Let me leave you with a few questions to wrestle with this week. One, do you have a relationship with Jesus? Does his Spirit bear witness with yours, that you are his? It’s not at all … The point of this is not at all, “Well, sometimes I get discouraged or sometimes I feel distracted.” That’s not what I’m … But do you have a relationship with Jesus? Because Jesus is going to walk with you, discipling patiently, like he does with the disciples who are such doofuses. We’re going to continue to see this through Mark. They just don’t get it. And I love them, because Jesus is so patient with them. Are you in a relationship with Jesus? He will patiently disciple your ears, making you a listener.
Are you paying attention to what you hear? Verse 24, remember, “The measure you use it, it will be measured to you.” Meaning, your Father is generously giving you truth, promises that are (Augustine) “firm promises,” things you can really count on, in contrast to our fickle inner voice. What are you doing with those? What are you doing to cultivate those? What are you doing to tune your ear so you can distinguish the lies that are in us and around us from the truth? That’s a huge part of discipleship. Pay attention.

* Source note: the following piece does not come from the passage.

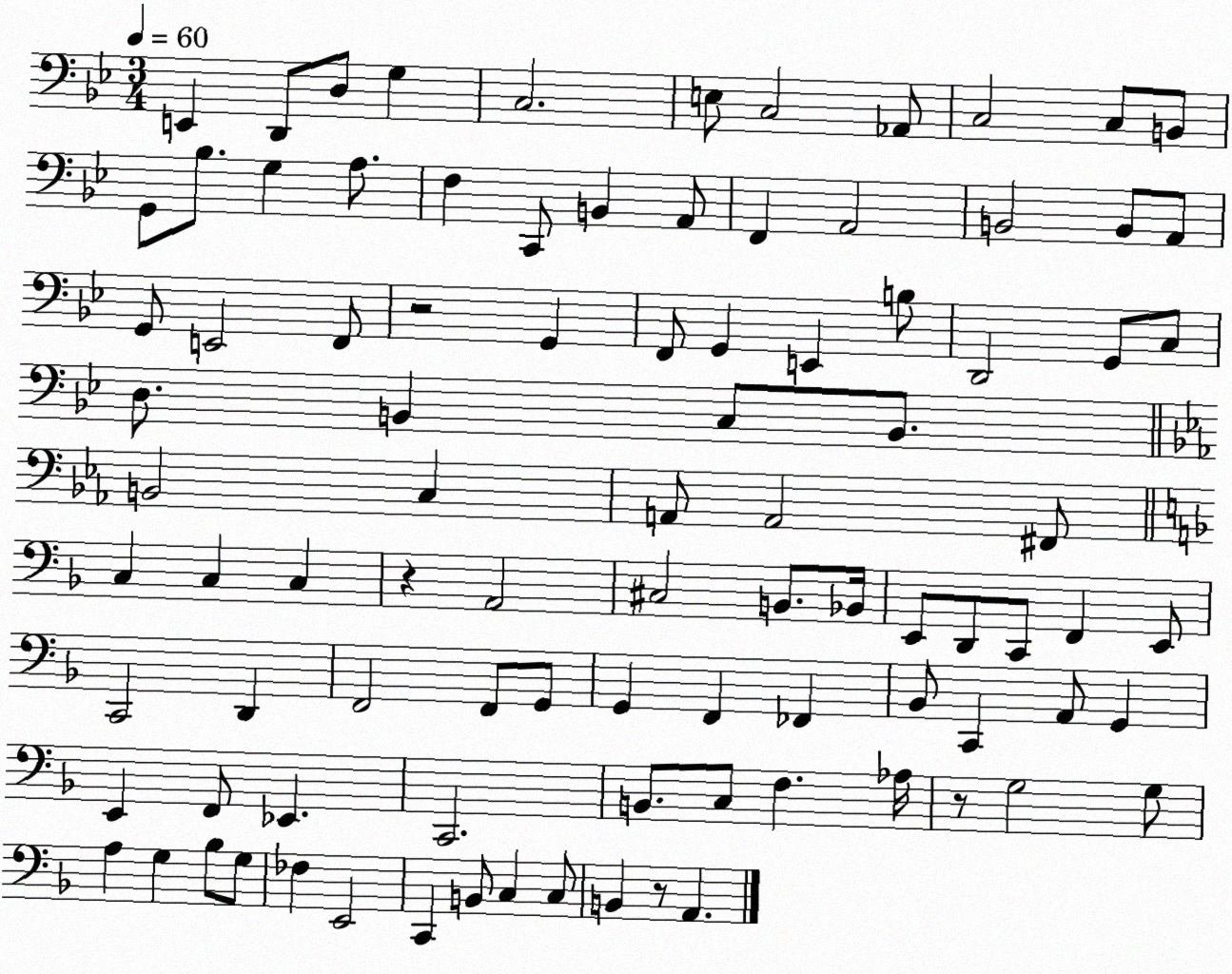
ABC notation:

If the Spirit speaks to you, if he has spoken to you this morning, he’s taken his Word and he’s spoken to a part of your heart, and you don’t have any plan in mind right now to interact with someone you’re living life with about this, pray over with someone about this, or explore further, seek counsel, memorize the passage. If you have no plan in mind to pay attention to what he’s said to you, don’t be surprised if you don’t hear from him. Do something with what he’s saying now, and he will give you more. That’s how it works.

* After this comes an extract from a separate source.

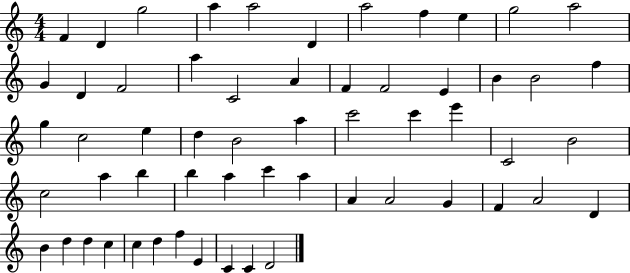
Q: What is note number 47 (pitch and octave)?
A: D4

Will you resist the temptation to size up your growth? Our inner voice is constantly inviting us, tempting us to see how we measure up to this standard we’ve created in our mind, how far we should be by this point, measure up to other people. And that’s not the standard by which we evaluate ourselves. It is super discouraging.
And then are you praying to the God of the mustard seed? I don’t know why this week I’ve had in my head (because I didn’t even know this song) “Little Is Much When God Is in It.” I must have heard it in a former life or something. But it is so true. Little is much when God is in it. So many of us right now may feel very little, very powerless, very weak, very unsuccessful in a spiritual sense. And Jesus is telling us from these parables that God loves to bring big harvests out of small people and small places.

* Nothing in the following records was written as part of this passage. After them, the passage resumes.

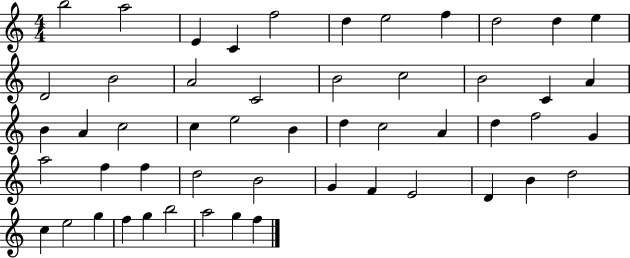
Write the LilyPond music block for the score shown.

{
  \clef treble
  \numericTimeSignature
  \time 4/4
  \key c \major
  b''2 a''2 | e'4 c'4 f''2 | d''4 e''2 f''4 | d''2 d''4 e''4 | \break d'2 b'2 | a'2 c'2 | b'2 c''2 | b'2 c'4 a'4 | \break b'4 a'4 c''2 | c''4 e''2 b'4 | d''4 c''2 a'4 | d''4 f''2 g'4 | \break a''2 f''4 f''4 | d''2 b'2 | g'4 f'4 e'2 | d'4 b'4 d''2 | \break c''4 e''2 g''4 | f''4 g''4 b''2 | a''2 g''4 f''4 | \bar "|."
}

Let’s pray. Jesus, thank you for patiently, patiently training our ears, tuning our hearts to hear your voice. There are so many voices around us, there are so many voices within us. We are easily deceived, and yet your Word is truth. So, Father, we have paused in our day today and gathered together, not because we have our act together, but because we know we need to hear from you. We need to tune our hearts to your Word.
We thank you that your Spirit takes your Word and applies it so specifically to our lives. We thank you for a community of brothers and sisters we get to walk through this with. Thank you for the many conversations and prayers this past week and many conversations and prayers this next week as we seek to hear well what you have spoken to us. Lord, we don’t want to be mindless hard-hearted hearers. We want to receive what you have for us, embrace it in faith, and then watch it beneath the mud of our lives begin to germinate and bear fruit. Lord, this miracle is so beautiful, so unexplainable. And you get all the glory. Thank you, God, that you’re doing that right now. Thank you that you will continue as we go from here later on and as we continue to soak in your words. Lord, you are doing these miracles for your glory. May your kingdom come. In Jesus’ name, amen.